- **Task to complete**:
Lines from the one containing "Sir/Madam Glassware &" through the end of the material are to be retyped exactly; do not copy pictures.

- **Source data**:
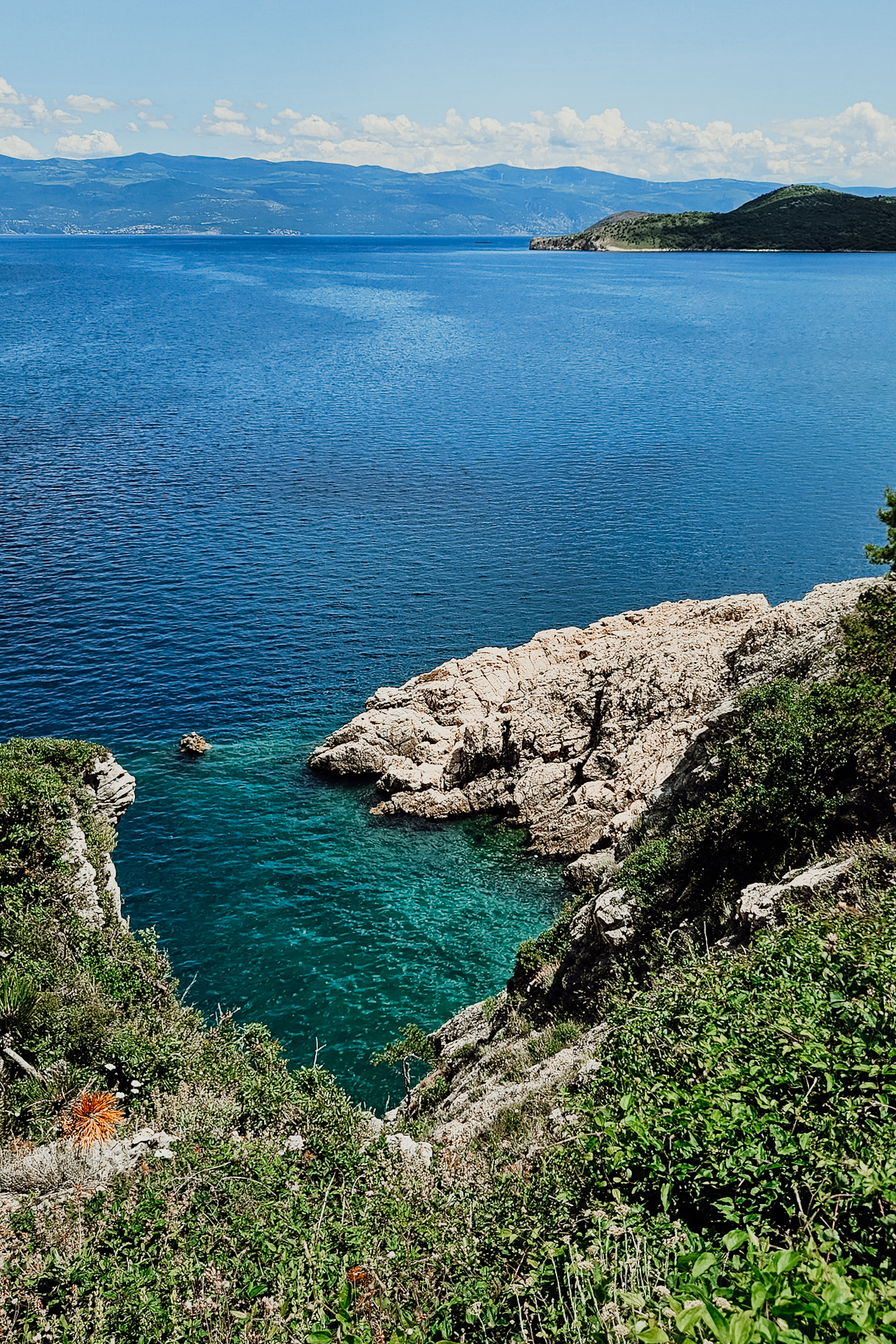 A bay in Krk Island / Eine versteckte Bucht, Geheimtipps in Krk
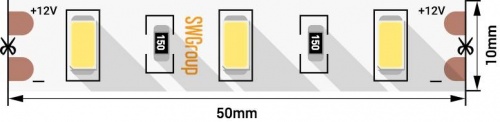 Лента светодиодная стандарт 5630, 60 LED/м, 20 Вт/м, 12В , IP20, Цвет: Нейтральный белый Лента светодиодная стандарт 5630, 60 LED/м, 20 Вт/м, 12В , IP20, Цвет: Нейтральный белый
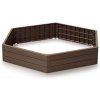 Vyvýšený záhon Prosperplast BASE WOODY hnedý 148 cm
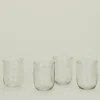 Sir/Madam Glassware & Barware^Small Seeded Glass, Set of 4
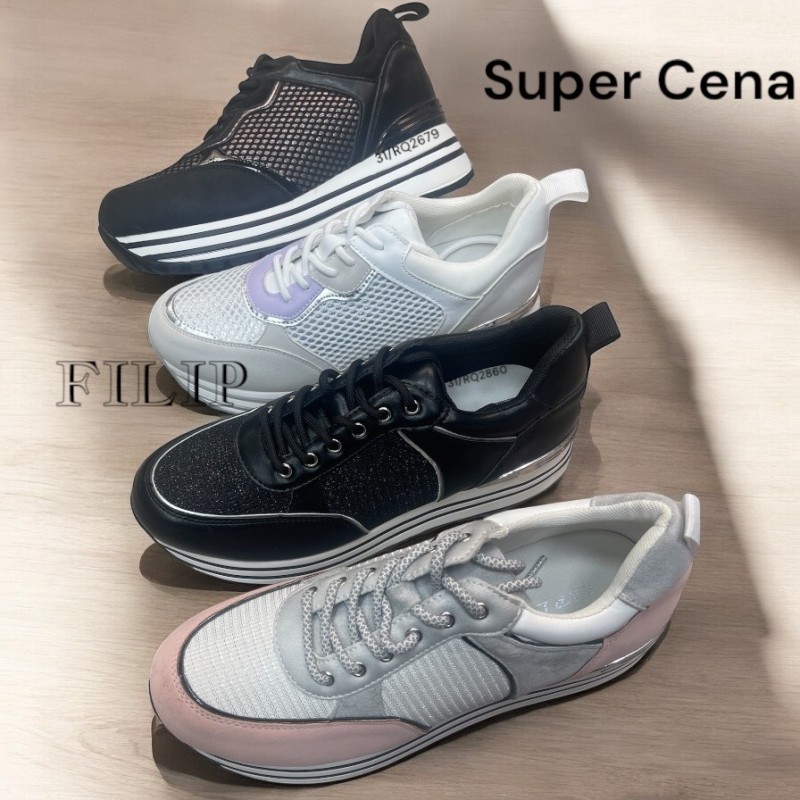Buty Sportowe DAMSKIE(36-41,12par)Kolor Jak na zdzięciu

- **Output of the task**:
 Sir/Madam Glassware & Barware^Small Seeded Glass, Set of 4
Buty Sportowe DAMSKIE(36-41,12par)Kolor Jak na zdzięciu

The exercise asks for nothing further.